I had a column that contains some entries that are, for example, email and others that are phone numbers, as shown below. It was supposed to only be email but due to the location on the page the web scraper put some phone numbers into this column.
I used this function to separate them.
=IF(ISNUMBER(SEARCH("@",I2)),I2,"")
The SEARCH function first searches for the @ symbol and if it exists, then it returns the location of where in the string from the left it is. If it does not exist, it returns #VALUE!. So for the top email, it would return a 5. Then the ISNUMBER function determines if the SEARCH function result is a number, and if it returns a True. Lastly, the IF function determines if it is True or False. If True it returns the first value, in this case the email address, and if False it returns and null string “”.

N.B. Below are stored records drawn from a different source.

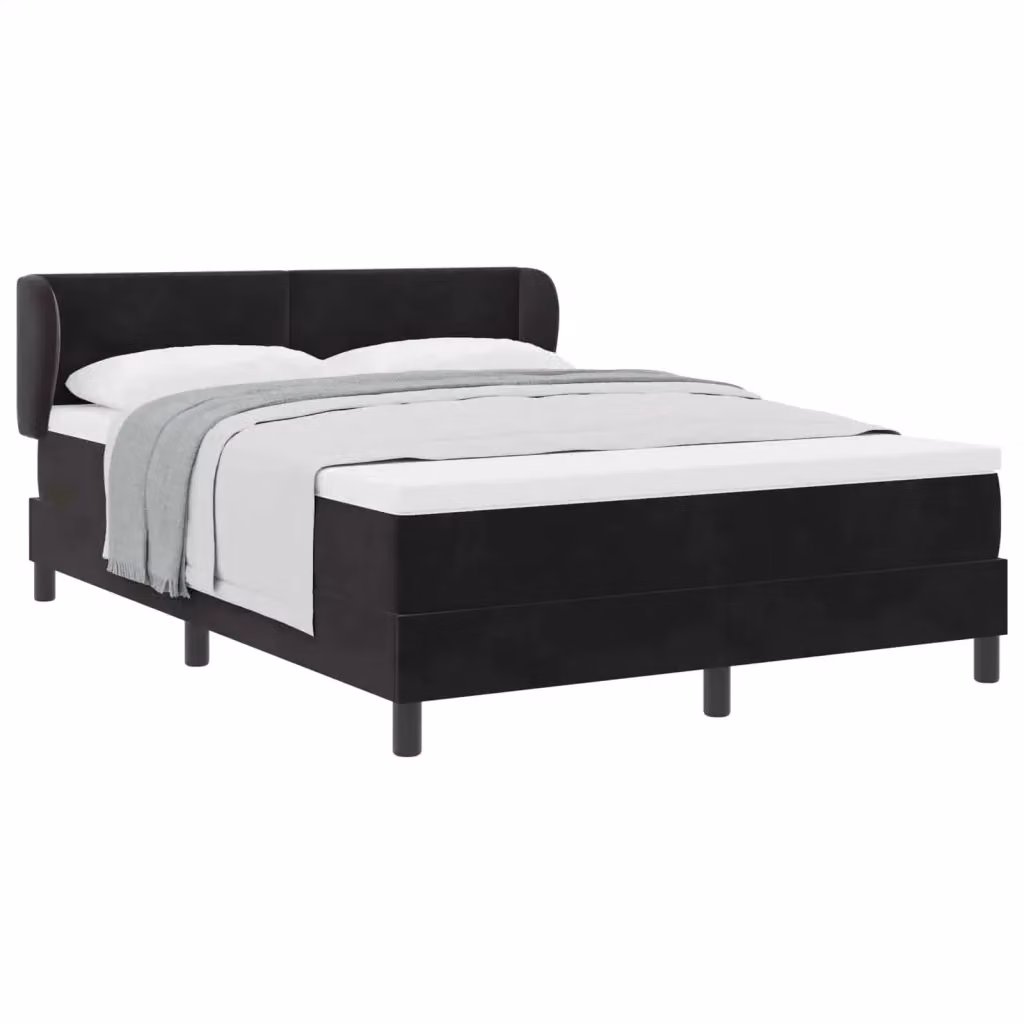 Letto a molle moderno vidaXL con testiera in velluto nero L/P/H: 200 x 140 x 147 cm – 2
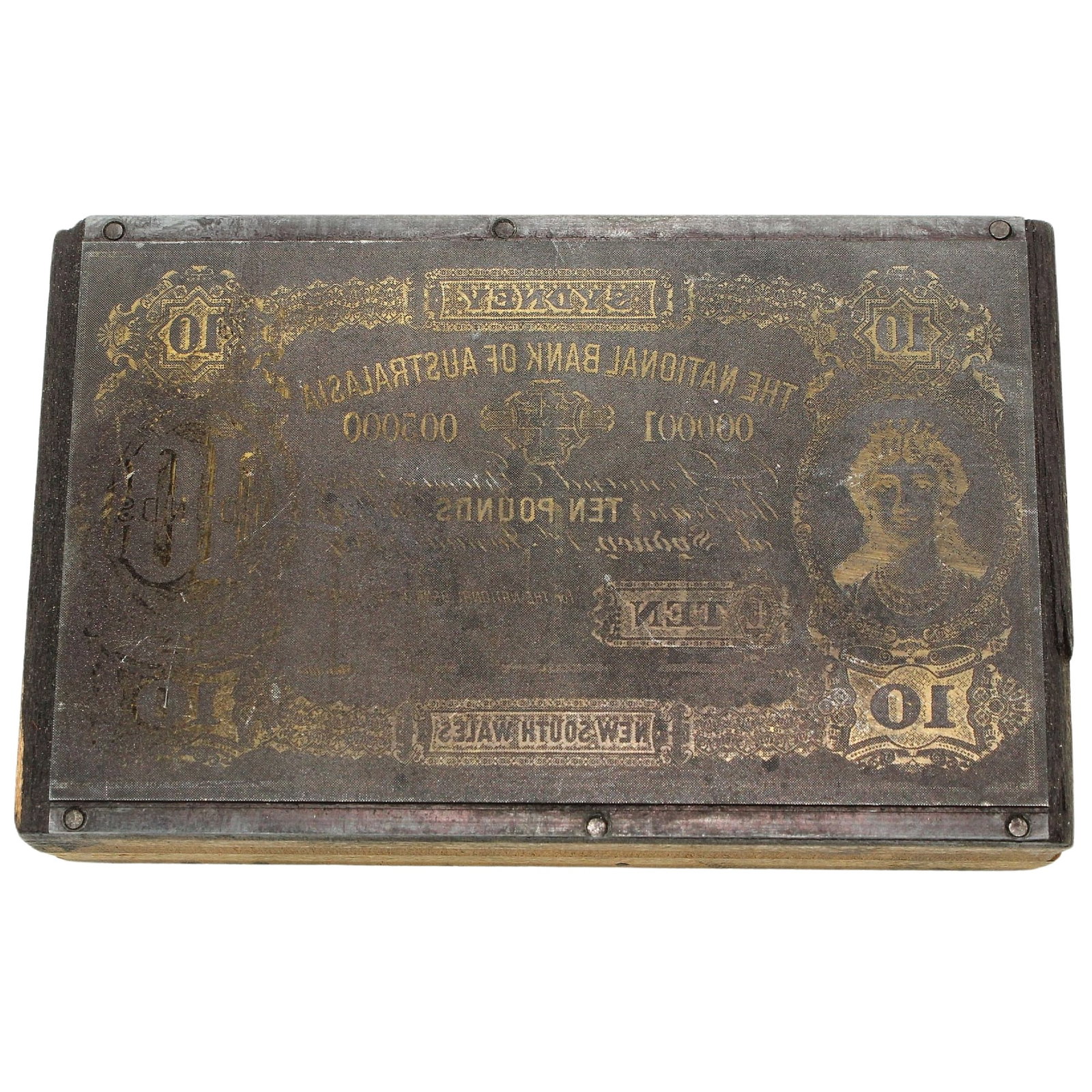 National Bank of Australasia 1880 - 1910 £10 (NSW) Miniature Printing Plate c.1973-4: Unique. In the early 1970s the iconic Australian company 'White Wings' commissioned miniature printing plates to produce a small size replicas of Australian Pre-Federation Banknotes, which were given 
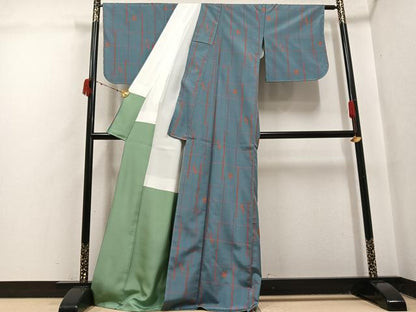 平和屋着物●上質な紬　琉球絣文様　正絹　逸品　未使用　AABJ0129ph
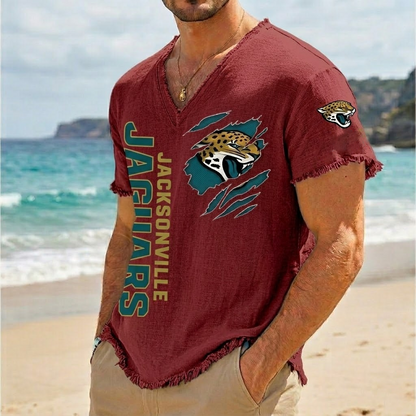 JAC x NFL V-Neck Linen Beach Shirt 1905 DatND DVT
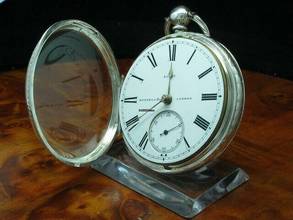 Thumbnail von Russel & Co 925 Silber Open Face Taschenuhr Schlüsselaufzug </h1>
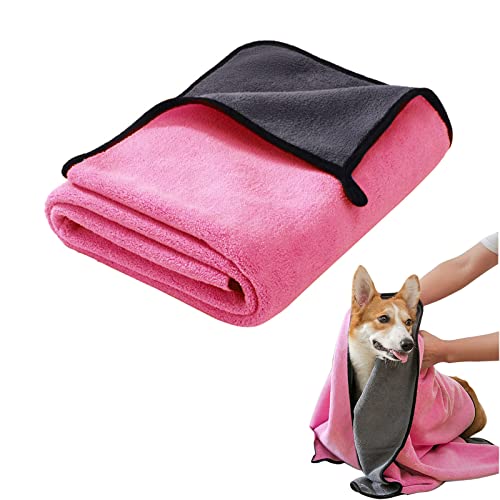 Super saugfähiges Hundehandtuch, schnell trocknend, weich, geeignet für kleine, mittelgroße Hunde, Katzen, Haustierpflege, saugfähiges Badetuch (Rosa) von SUOXU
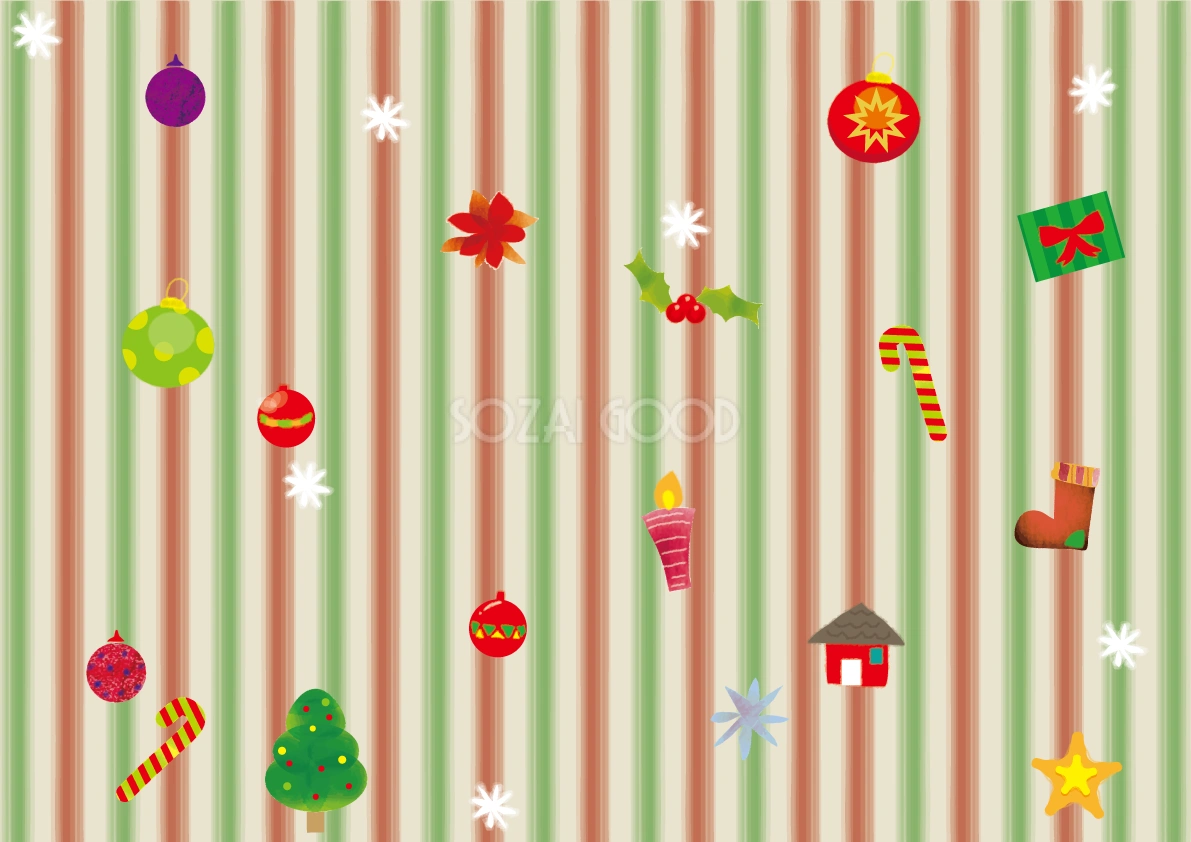 クリスマス(オーナメント柄)素材フリー背景無料イラスト57994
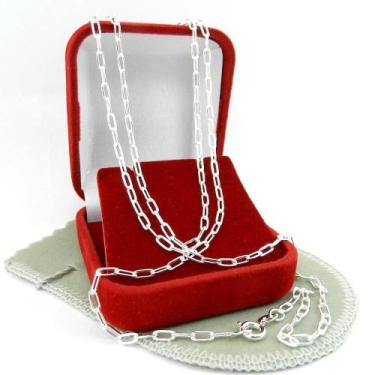 Imagem de Corrente Masculina 70Cm 2Mm Largura Folheada Prata Cr637 - Wnbijouteri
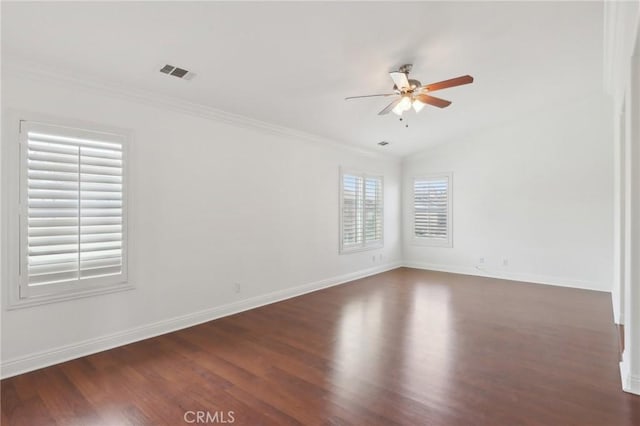 12851 Oakdale St, Eastvale, CA 92880 - empty room featuring a ceiling fan, dark wood-type flooring, crown molding, baseboards, and lofted ceiling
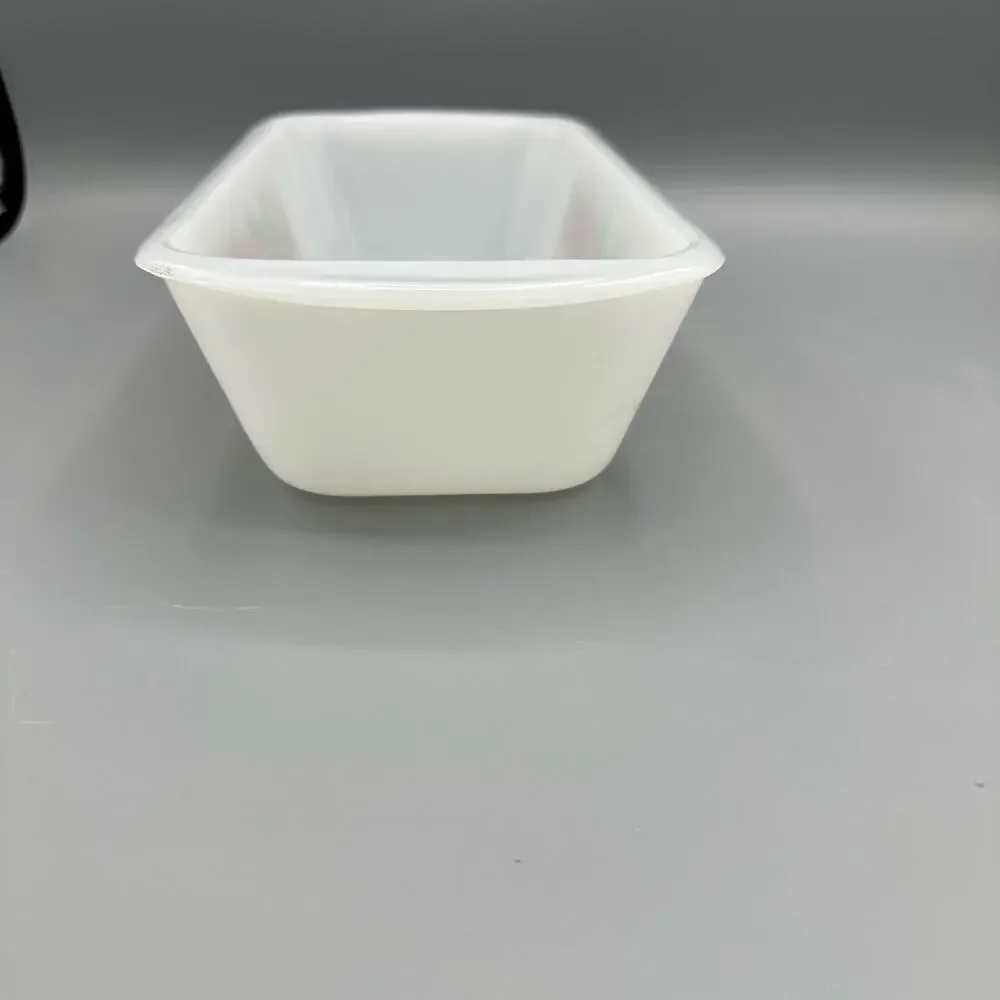 Vintage Glasbake Jeanette Milkglass Garden Vegetable Harvest Loaf Pan
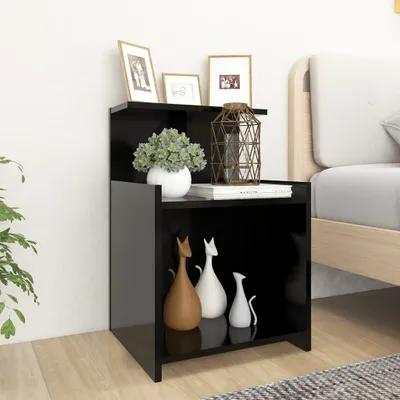 Produktbild von vidaXL Nachttische 2 Stk. Schwarz 40x35x60 cm Holzwerkstoff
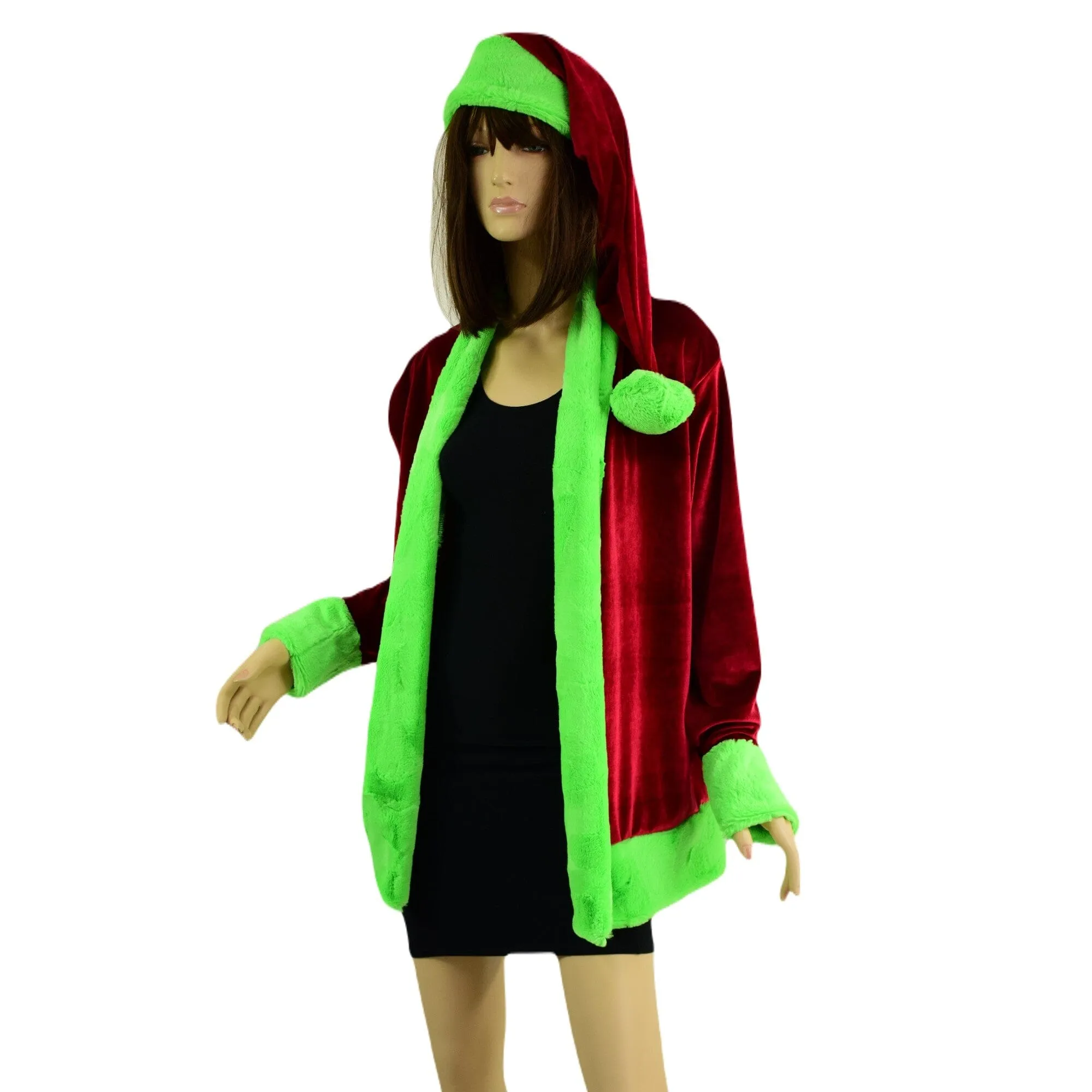 "Mean One" Not a Cardigan and Matching Santa Hat with Neon Green Trim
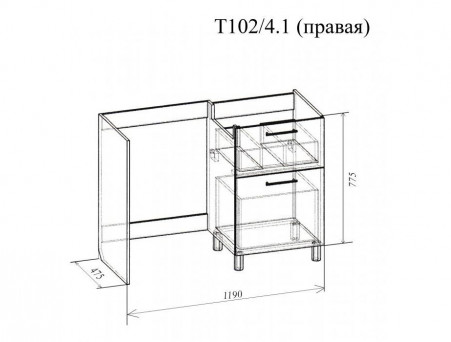 Тумба под Раковину и Стиральную Машину «Андария» №40, Даллас 1200, Правая (Т102/4 ПР)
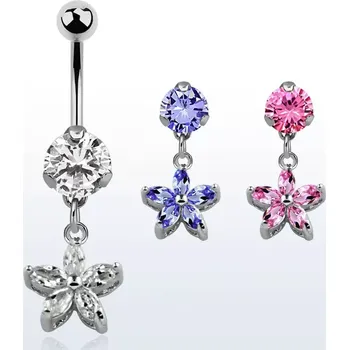 Piercing Banán do pupíku s květinkou v různých barvách a kuličkou BNRZ319 (Banán do pupíku z chirurgické oceli s květinkou v různých barvách a kuličkou BNRZ319)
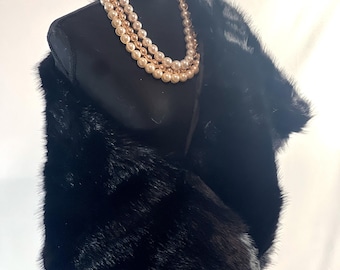 BLACK Faux Fur Shawl – Soft, Warm, and Elegantly Cozy for Special Occasions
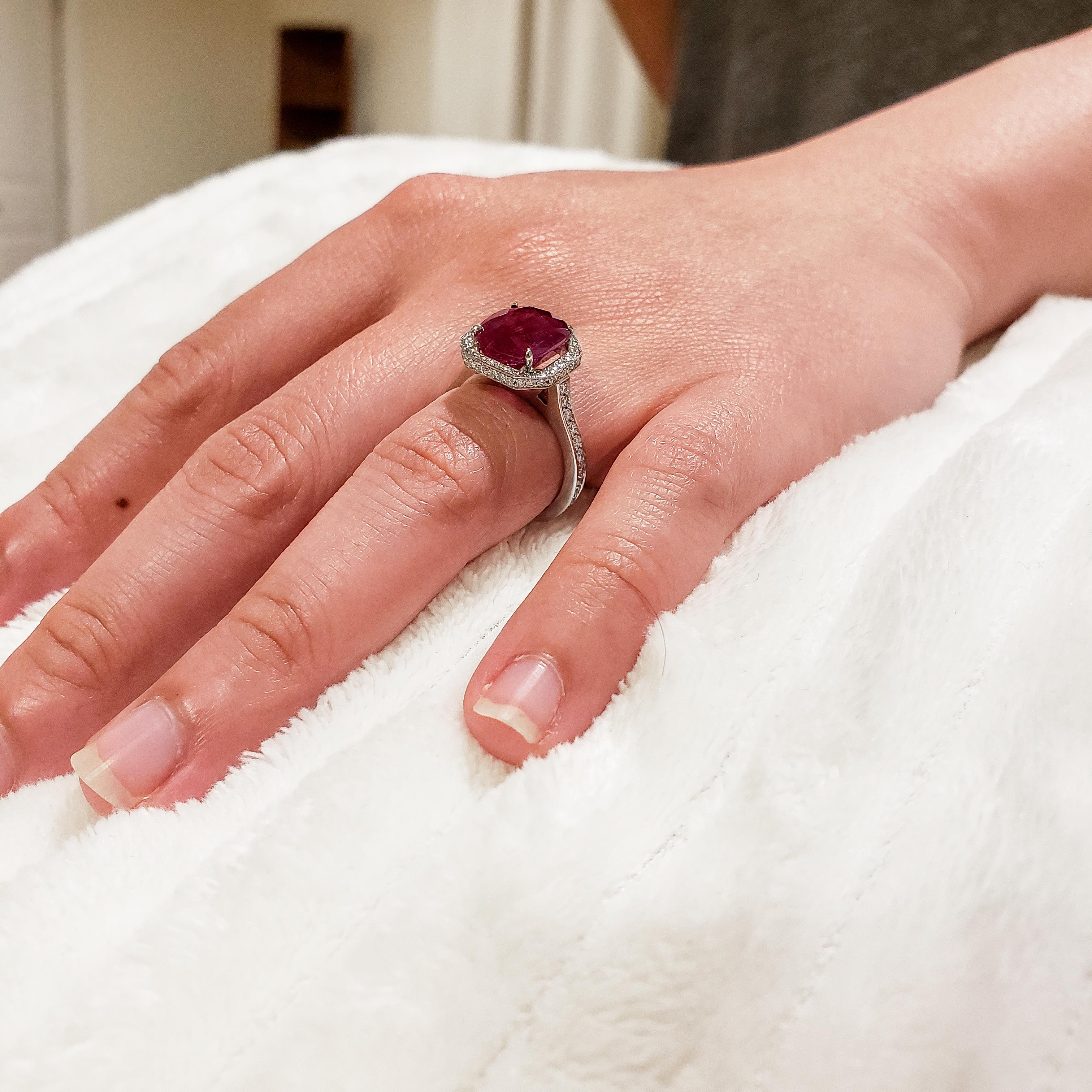 Women's Gubelin Certified 5.63 Carat Ruby and Diamond Halo Engagement Ring For Sale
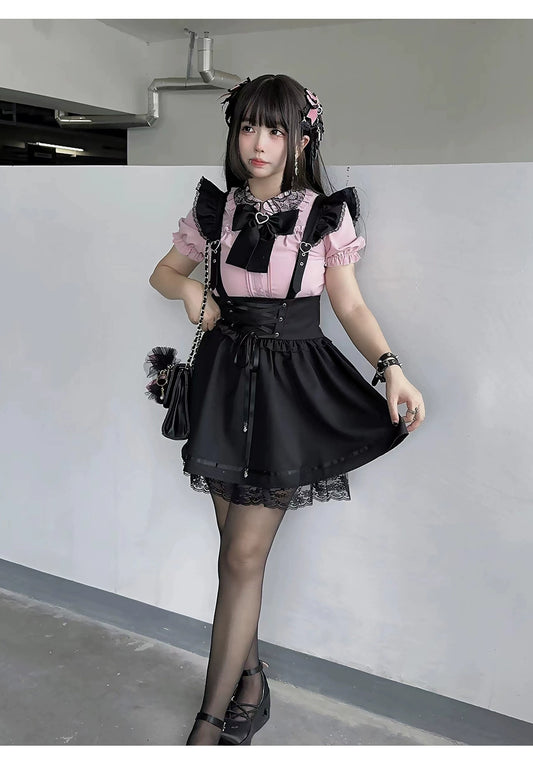 Jirai Kei Blouse High Waist Skirt Suspender Skirt 34128:473590
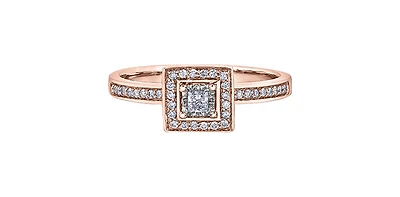 10K Rose Gold 0.20cttw Canadian Diamond Halo Engagement Ring, size 6.5
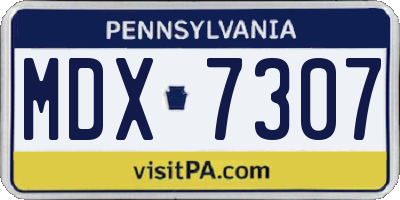 PA license plate MDX7307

Use the reverse of above to extract the phone numbers in another column
=IF(ISNUMBER(SEARCH("@",I2)),””,I2)
So, here if an @ symbol is present it returns a null string “” otherwise it returns the value, in this case a phone number
Now I had two columns, some each with phone numbers that the other column did not have, as shown below.
So, I combined them using this function
=IF(ISNUMBER(SEARCH("null",K3)),J3,K3)
Basically, this just finds if null is in the main column at the right and if its there, it uses the other columns’ data. This will not work for all data sets, but did the trick for me.
Now, importantly, I copied all these columns with functions and pasted them with paste special as values only to the same column. This was important because I wanted to delete all the extra columns and end up only with the good ones.